I love the possibilities of this project, but the realities and limitations of library cataloging and metrics make things difficult (as usual!) . This is why there needs to be more collaboration between library tech and cataloging/technical services and more interest and support for bringing catalogers into the library tech world.
I love the possibilities, too. It seems to me this idea could be the kernel of a very interesting, more general tool that searches for gaps that could be filled and/or crosstalk that should be happening, but isn’t. And I mean, that seems to me to be one of the best case scenarios for an end product of a hackathon. Nobody goes straight from NaNoWriMo to a book contract. Everything could benefit from editing.
Now I am realizing what I totally should have earlier — there are definitely machine-learning types who think about this stuff: that’s part of what bibliometrics is about. I still have no idea about the culture of the LIS world, whether catalogers and ….bibliometricians? talk at all, whether some people are both. That feels like a very meta thing to wonder, in this context!
AFAIK, there is nothing in the subject cataloging codes that reflect the fact that one potential end-user of cataloging is an algorithm or application. Subject headings are assigned for human readers, and in particular for reference librarians as the interpreters of the meaning, since there is nothing intuitive about the meaning of the headings even though they use something approximating natural language.
The subject headings are intended to reflect the aggregate of topics in the book as a whole. If a book covers a number of specific topics, one assigns a general heading that covers them all rather than specific headings. For major portions of a work (>20%) one can assign a specific heading. (See LC’s own assignment policies here: http://www.itsmarc.com/crs/mergedprojects/subjhead/whnjs.htm). And it is true that during the card catalog years, 3 headings was the limit, and often only 1-2 were assigned.
I think that subject headings are pretty much useless, and that the addition of tables of contexts and terms from indexes would greatly enhance retrieval.
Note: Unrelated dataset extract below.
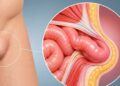 Operarse de una hernia y volver a casa el mismo día: cuándo es posible la cirugía ambulatoria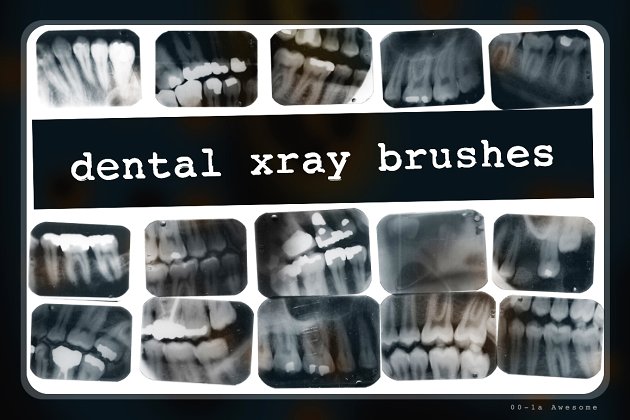 骨骼骨头的X光片特效笔刷 Dental X-ray Brushes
For example, “Reading Lolita in Tehran” gets the heading “American literature — Study and teaching — Iran” — would anyone look for it there? It also gets “Women — Books and reading — Iran”. You’d have to already know the books exists to look there. Solnit’s book “Men Explain Things to Me” has the heading “Women — Social conditions — 21st century”. I have to stop myself now because I get so frustrated when I look at these headings and how useless they are. But you can see why researchers are so excited about full text indexing of books.
This is also very interesting. I certainly agree that in principle, more data (such as that provided by an index) is better than less. But it does make me wonder, where do index terms come from? Who decides whether a brief mention of an idea on page 320 warrants inclusion in an index? And will synonyms for that idea show up in the index?
And what about full-text indexing — is that something like e.g. Google Books, being able to do full-text searches on an entire work? We probably still have the synonyms problem (right?) but might we not also have the, for lack of a better word I’ll say “declensions” problem — different wordforms failing to be cross-indexed to one another?
There are probably dozens or even hundreds of experts in this sort of thing, but I am not one of them and now I’m curious.
There are some interesting projects involving using full-text indexing to provide subject access to library resources. It isn’t my area of expertise, but I attended a fascinating presentation by staff working on such a project at the Harvard Medical School. Here’s the link to the project website: https://osc.hul.harvard.edu/liblab/projects/automatic-subject-heading-extraction.
This is a late reply, but that was an intensely cool video, and a very cool project, too. Thanks for sharing it!